I was at a Rams game, seated on the 30 yard line . . . two rows from the top! The action on the field looked distant, compressed.
Then, at a Utah football game, I was in the front row — every motion, every expression, every nuance was in sharp relief. Unless the camera guy stood in front of me.
Two different vantage points. Two different levels of clarity.
That’s what perspective does: it frames what you see, what you assume, and ultimately what you decide.
In threat management (and in risk work generally), we live or die by how well we calibrate perspective:
-If your vantage point is too far removed, you miss subtle signs.
-If you’re too close (or filter through interference), you may overinterpret noise.
-If your view is obstructed (end zone, blind spots, that darn ESPN cameraman), you may misread events entirely.
This is why due diligence and background investigations are indispensable.
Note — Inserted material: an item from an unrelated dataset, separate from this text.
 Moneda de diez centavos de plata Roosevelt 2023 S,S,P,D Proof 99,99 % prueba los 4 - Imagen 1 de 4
They’re like shifting seats to validate your view.
Multiple angles = more confidence.
Just as you might cross-check replays from different camera angles to make a sports call, in investigations or intelligence work you triangulate sources (documentation, interviews, open-source data, dark web). That redundancy helps you spot inconsistencies, hidden threats, or “nets” that obscure the truth.
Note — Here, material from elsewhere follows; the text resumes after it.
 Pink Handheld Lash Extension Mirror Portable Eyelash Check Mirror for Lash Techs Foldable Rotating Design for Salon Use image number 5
Perspective exposes assumptions.
From afar, things might look fine. Up close, you see cracks. In partially-obscured views, you might misinterpret a false positive or negative. Due diligence helps you challenge what you take for granted — the assumptions baked into documents, claims, or narratives.
Weak perspective leads to failures.
-In M&A, poorly conducted diligence is often a root cause of post-deal write-downs and value destruction. (Dealroom; “The 9 Biggest M&A Failures of All Time)
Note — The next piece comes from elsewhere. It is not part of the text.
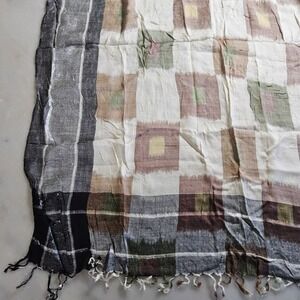 Womens Plaid Scarf with Fringe Lightweight Fashion‎ Shawl Wrap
-In the fintech / startup sector, investors too often back projects driven by hype rather than grounded verification. A recent critique called this the “due diligence deficit”—for example, in the collapse of AI concern Builder, which allegedly inflated revenues 300%. (Financial Times; “The Due Diligence Deficit”)
-Regulatory enforcement is tightening: failure in third-party risk management is now drawing FTC scrutiny. (IAPP; “The FTC and the Future of Third-party Due Diligence”)
Perspective evolves with context. What seems like a safe view in one moment can degrade (obstructions, shifting conditions). Diligence isn’t a one-off—it’s iterative. You constantly re-evaluate as new data arrives.
If decisions matter — in threat work or any domain of risk — you can’t rely on a single vantage point. You need to move seats, remove blinders, peel back the obstructions.
Because the cost of mis-perspective is not an “oops” — it’s a broken decision, compromised outcomes, reputational damage, or worse.